秋風の ヴィオロンの 節(ふし)ながき啜泣(すすりなき) もの憂(う)き哀しみに わが魂を 痛ましむ。
 時の鐘 鳴りも出づれば せつなくも胸せまり 思ひぞ出づる 来し方に 涙は湧く。
 落葉ならね 身をば遣(や)る われも、 かなたこなた 吹きまくれ 逆風(さかかぜ)よ
(堀口大學訳『秋の歌』)

 第2次大戦の戦局が、連合軍へと大きく傾いたノルマンディー上陸作戦(オーバーロード作戦・史上最大の作戦)。1944年6月6日、ドイツ占領下の北フランスの海岸へ連合軍兵士が大挙上陸した。「6月2日、3日の夜、BBC(英国放送協会)の暗号が放送された。大陸の地下組織は、この暗号に胸をとどろかし、いよいよ解放の日が近づいたのを知った」。イギリスの元首相、ウィンストン・チャーチルは『第2次大戦回顧録 抄』(毎日新聞編訳・中公文庫)で、こう書いている。

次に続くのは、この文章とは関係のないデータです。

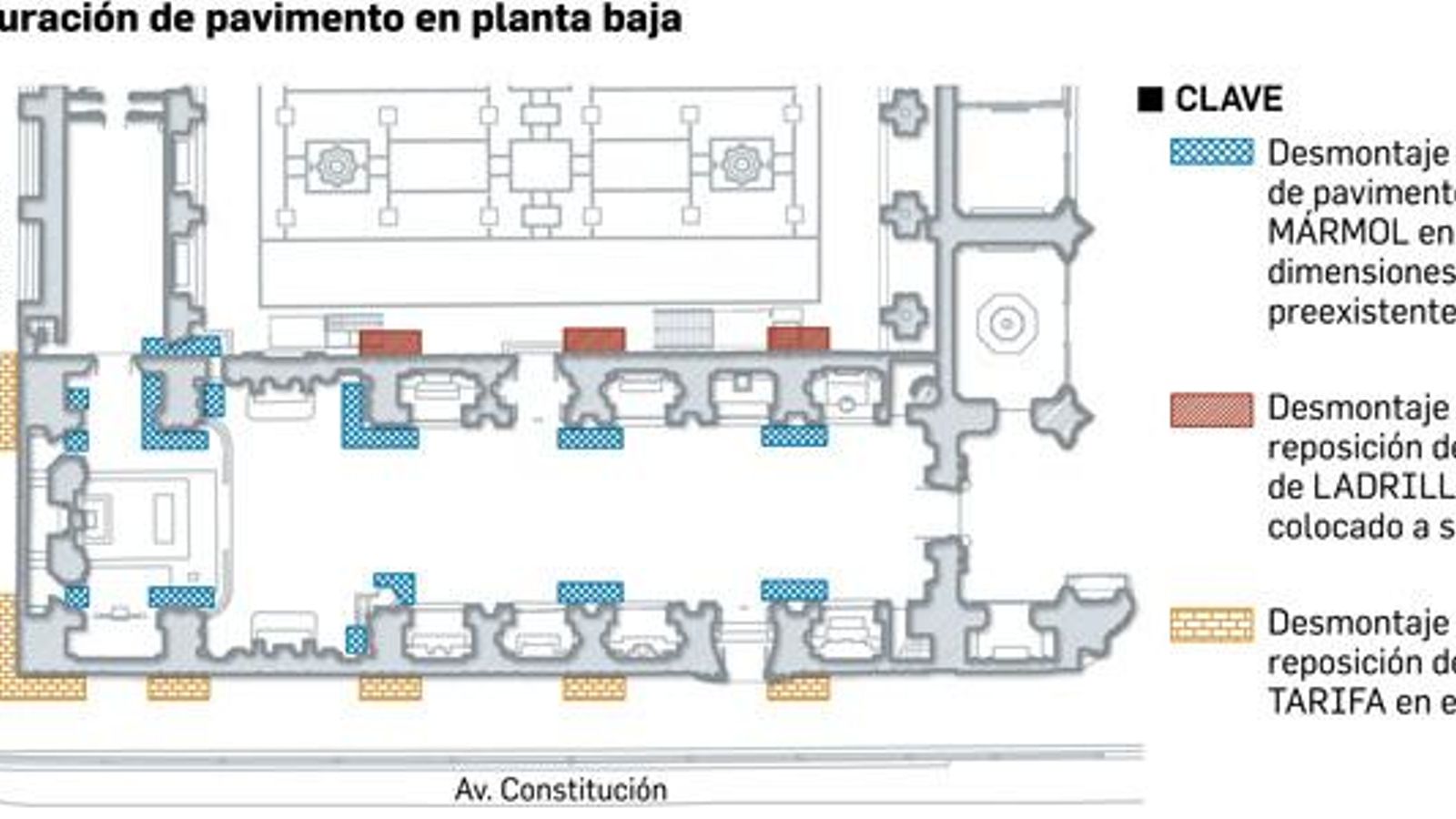 Restauración del pavimento de la planta baja. Fuente: elaboración propia.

 実際には暗号は6月1日から3日間、午後9時のニュースの中で、フランス語「Les sanglots longs des violons de l'automne」(上田訳=秋の日の ヴィオロンの ためいきの)で「個人的便り」として放送されたという。「連合軍の上陸が近い、準備せよ」という意味で、レジスタンへの通報だった。さらに、6月5日午後9時15分からは「blessent mon cœur d'une langueur monotone(同=身にしみて ひたぶるに うら悲し)が放送された。これから48時間以内に作戦が実施されるという連絡だった。フランス人ならだれもが知っているといいほど、よく知られた詩。ヴェルレーヌ自身、後世にこんな使い方をされるとは思ってもいなかっただろう。

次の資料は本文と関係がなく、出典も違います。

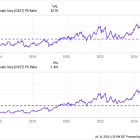 Forget Costco: Buy This Unstoppable Growth Stock Instead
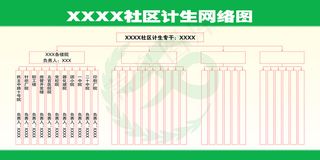 社区计划生育网络图展板宣传栏psd...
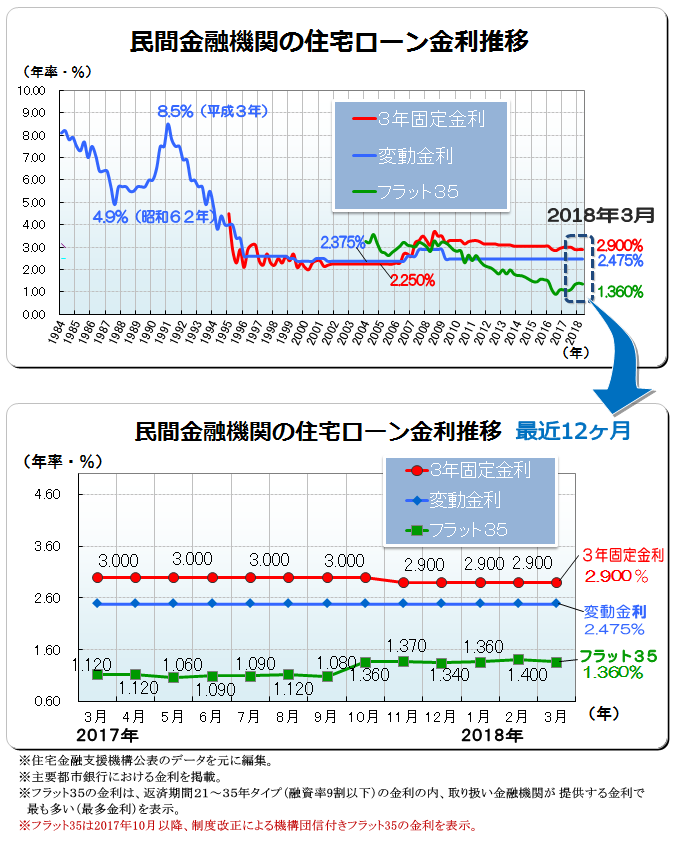 ２０１８年（平成３０年）３月　民間金融機関の住宅ローン変動金利・３年固定金利推移、フラット３５金利推移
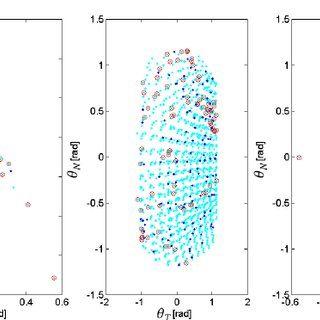 Space with Blue Red Circle Logo - Radial basis centers distribution in the input space. The red circle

この作戦に同行した写真家のロバート・キャパは106枚の写真を撮影した。ところが、暗室の助手が興奮のあまりネガフィルムを現像して乾燥させる際、過熱させて乳剤を溶かしてしまい、ほとんどがだめになってしまった。残ったのはわずか8枚で、熱気でぼやけた写真には「キャパの手はふるえていたと説明してあった」(『ちょっとピンぼけ』ダヴィット社)という。惜しいことをしたと思わざるを得ない。(実際に残ったのは72枚のうちの11枚という説もある)

ただ「皮肉なことに、助かった写真のブレは、実際にはその劇的な衝撃力を強めることになったかもしれない。というのは、ボケていることで、そこから緊張感が伝わり、爆発音が響いてくるかのように感じられるからだ」(リチャード・ウィーラン・沢木耕太郎訳『キャパ その死』文藝春秋)というから、暗室作業の失敗は、意外な効果があったようだ。キャパ自身、ヴェルレーヌの詩が暗号として使われたことを知っていたかどうかは分からない。

※ヴェルレーヌ=早熟の天才といわれ、飲酒、男色、放浪という波乱の生涯を送った。『落葉』(秋の歌)は1866年出版の処女詩集『サチュルニアン詩集』にあり、20歳の時の作品だ。感情のさまざまな動きを音楽的言葉(音楽的韻律)で表現した。ヴィオロンはヴァイオリンのこと。ヸオロンはヴィオロンと読み、フランス語violonのカタカナ表記。